The seizure is part of “Operation In Our Sites,” a series of actions by U.S. Immigration and Customs Enforcement that involve taking over web domain names that are alleged to be involved in intellectual property crimes. The operation started out with seizures of websites hawking counterfeit goods, but the seizures have moved into new territory that’s included a BitTorrent search engine, music blogs, and now sports-streaming sites.
ICE has refused to discuss the website seizures beyond prepared statements. An spokesperson from the New York U.S. Attorney’s office, which executed the most recent seizures, declined to comment beyond the statement issued today, but did provide a copy of the affidavit that elaborates on the seizures, which was unsealed by a federal court today. (The affidavit is embedded below.)
The websites seized all provided a variety of links to streaming sports content but avoided actually hosting any video themselves. Instead, the video was hosted by various so-called cyberlocker services. Cyberlockers have an increasingly prominent role in illegal distribution of content online.
In the affidavit, an ICE agent explains that seizure actions are needed to protect the copyright-holders in these cases, because the value of sports copyrights is “extremely perishable.” He writes: “Indeed, unlike other video content offered online, including television programs and motion pictures, which often remain popular well after its [sic] debut, sports fans’ interest in viewing live sporting events is greatest while the event is happening.” So even when a website acts on a takedown notice within 15 minutes, “the damage is already done,” writes the ICE agent who performed the investigation.
It isn’t clear-cut that these websites were breaking laws in the countries they operated in. Rojadirecta, in particular, was reported to have won a copyright cases brought against it in Spanish courts. And in 2009, a court in Israel deemed the broadcast of streaming sports events to be “fair use” under that country’s copyright law, as long as the streaming was for non-commercial purposes.
Another notable legal battle over streaming sports that erupted recently was the lawsuit against Justin.tv over its alleged unauthorized streaming of Ultimate Fighting Championship fights.
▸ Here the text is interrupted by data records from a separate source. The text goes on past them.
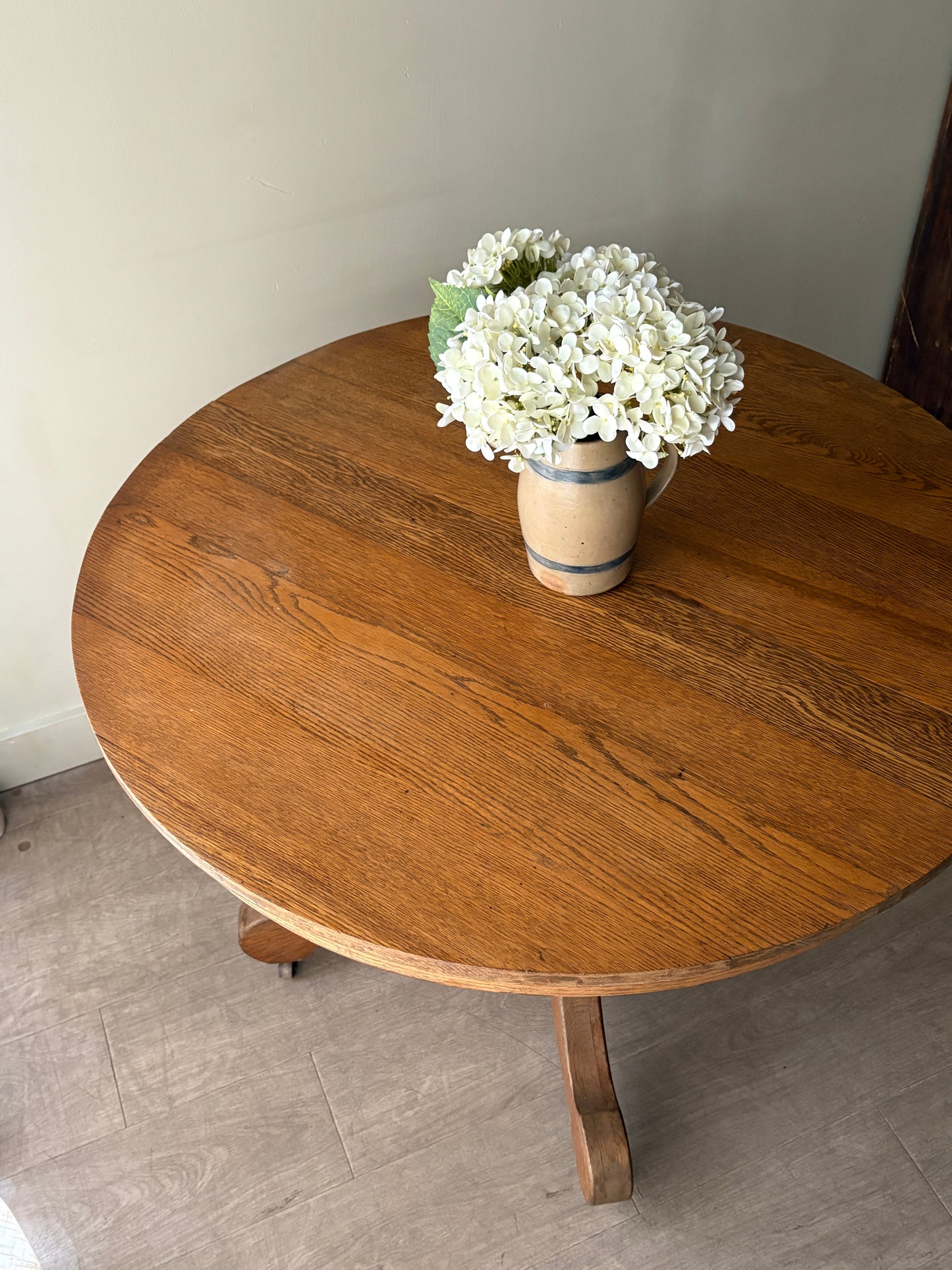 Oak dining table with extensions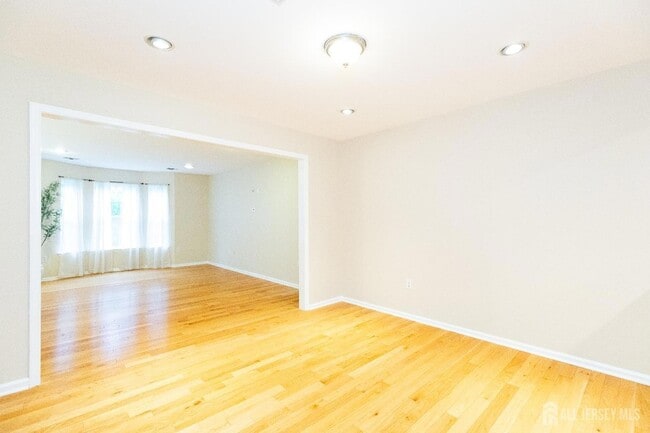 Building Photo - 127 Forest Dr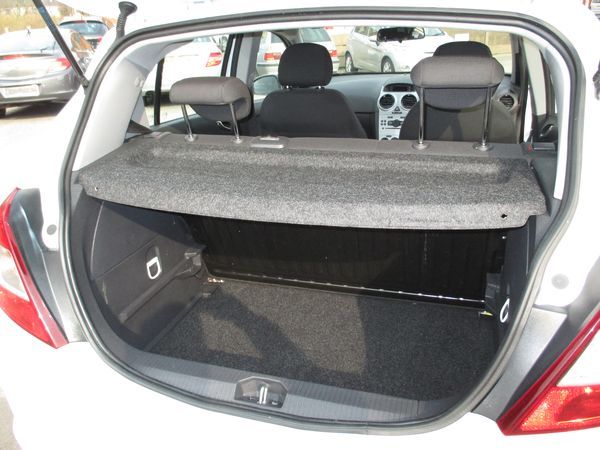 2013 Vauxhall Corsa 1.3 CDTi ecoFLEX S image 9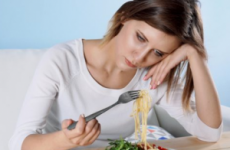 Втрата апетиту: причини у дорослих, літніх людей, дитини, при вагітності у жінок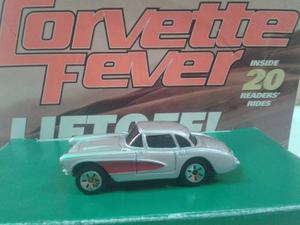 Corvette  Maisto Escala 1:64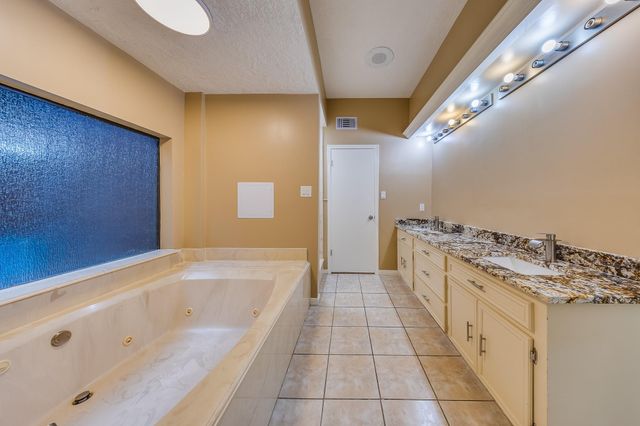 7606 Antoine Drive, Houston, TX 77088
But if federal agents continue to shut down sites on behalf of copyright owners, content companies might be able to bypass the lengthy court fights required to prove their case.
The seizures were only of specific web addresses, not of the businesses themselves, none of which appear to be run out of the U.S. Federal agencies are only able to execute these kinds of seizures because certain web addresses are under the control of U.S. companies, like Verisign, which controls internet addresses that end in .com. But some of the services behind the seized sites are already back up at web addresses not under the control of U.S. companies. For example, while U.S. agents seized rojadirecta.com and rojadirecta.org, the company has already begun operating its services at rojadirecta.me and rojadirecta.es, which ICE agents won’t be able to seize.
The full list of websites seized in this most recent round consists of: hq-streams.com, hq-streams.net, adthe.net, firstrow.net, channelsurfing.net, ilemi,com, iilemi.com, iilemii.com, rojadirecta.org, and rojadirecta.com.